Sabiéndome presa idónea para aquella araña asentada en la plaza y dispuesta a atrapar en sus redes a cualquiera que se le pusiera a tiro, yo, desde ese momento, me presté a ser una de las víctimas que buscaba. Solo tenía que, por ejemplo, entrometerme algo en la intimidad del grupo mostrando curiosidad por cualquier detalle que, de inmediato, me abduciría en un remolino de confidencias. Esta clase de araña, aparte de buscar algún tipo de beneficio material, dada su precaria situación, debía de desear captar espectadores pacientes ante los que poder representar las obras que todas las arañas charlatanas suelen guardar en la mochila esperando al público adecuado. Un público silencioso, dispuesto a asentir y aplaudir sin intención de interferir en sus actuaciones y, sobre todo, sin pretender hacerles la competencia intentando largarles a su vez sus propias historias. «Masoquista» sería el calificativo adecuado para definir a ese público dispuesto a «tragárselo todo», y, en ese sentido, yo reunía todas las condiciones para ser el oyente perfecto. Las arañas hambrientas de público de eso saben mucho, y desde el momento en que comenté que creía saber que la mujer había sido la primera en instalarse en la plaza, supe que, definitivamente, me tenía en el bote.
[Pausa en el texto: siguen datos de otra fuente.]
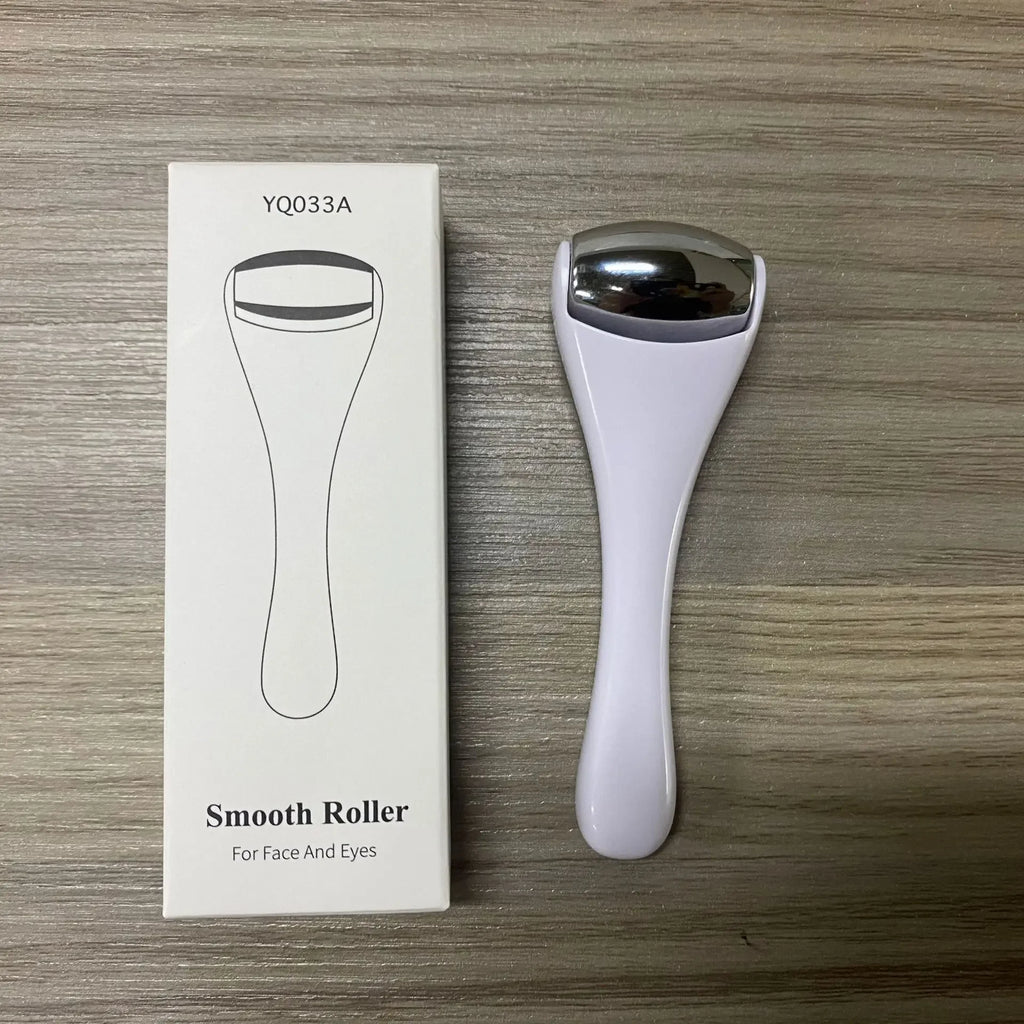 1pcs Facial Metal Ice Roller Stainless Steel White Mini Eye Metal Ice Roller for Mini Eye Puffiness Tighten Skin Care Tool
La mujer, tocada con una pamela, aferrada a una lata de Voll-Damm que tenía en el regazo, sonrió al darse cuenta de que estábamos hablando de ella. El hombre del sombrero, casi enfadado, sintiéndose rebajado de categoría, afirmó que era él el más antiguo de la plaza y que ella, Helga, había llegado mucho después.
¡Claro que, antes de que me despidiera, el ahora rasurado, con cara de granuja y sonrisa seductora, me pidió unas monedas! Y claro que, con la moneda de dos euros que le di, aquellas relaciones quedaban pactadas y selladas para siempre, inquebrantables, y ambos, cada uno a nuestra manera, nos dimos cuenta de ello.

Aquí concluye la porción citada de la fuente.